Create Identity Store named OIDIdentityStore if it does not already exist.
Create Authentication Module named LDAP_EBS if it does not already exist.
Configure Oracle Access Manager OAM Agent named <sid_host>, which is VIS_ebsapps01.mahesh.com
Configure Authentication Scheme named EBSAuthScheme.
You can see the information in the scheme clicking on it, the authentication module is pointing to the LDAP_EBS.
Configure Application Domain named <sid_host> with required Authentication
Policies and response headers for your Oracle E-Business Suite integration.
Set Oracle E-Business Suite profile options Application Authenticate Agent
(APPS_AUTH_AGENT) and Applications SSO Type (APPS_SSO).Now we have completed the steps for having EBS single sign on with OAM and Access gate. If you have completed it in the patching cycle, complete the patching cycle. Restart OHS and Webogic servers in EBS application node.
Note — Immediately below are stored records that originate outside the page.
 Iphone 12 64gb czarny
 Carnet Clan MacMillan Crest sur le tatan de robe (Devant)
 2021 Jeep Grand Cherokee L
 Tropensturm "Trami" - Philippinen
Open the EBS URL like below which will re-direct you to the Single Sign on page.
http://<ebshost>.<domain>:<port>/OA_HTML/AppsLogin
It redirects to the OAM page for authentication as below.
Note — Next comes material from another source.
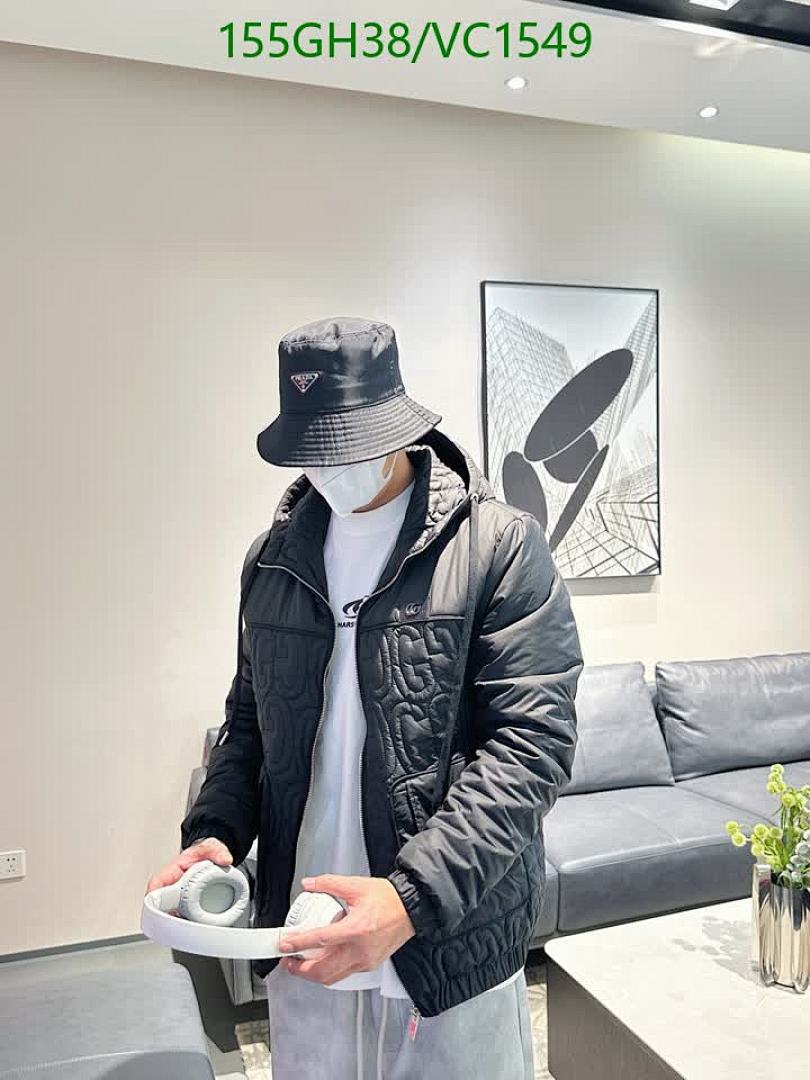 Gucci-Clothing Code: VC1549 $: 155USD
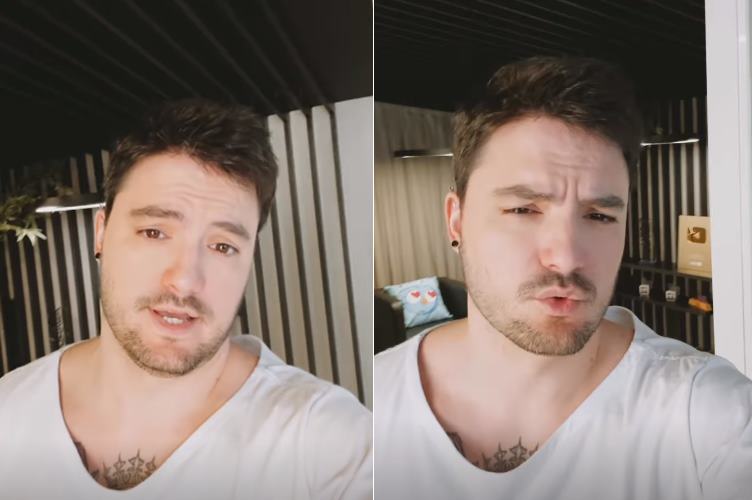 Após contrair grave doença, Felipe Neto atualiza quadro de saúde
Bulk Migration of Users from EBS to OID
Now, we have completed the setup for the single sign on but many organizations won’t be having an existing OID running having all their users, so here we may have to populate the users into the OID as well. Then only accessgate can map users with EBS and create a session for that user. As we all know, we intend to have authorization to be managed by EBS itself, so we need to address only the user information synchronization to OID. The synchronization procedure creates users in the OID from EBS and OID assigns a GUID and updated the EBS table, this GUID will be the link between EBS and OAM.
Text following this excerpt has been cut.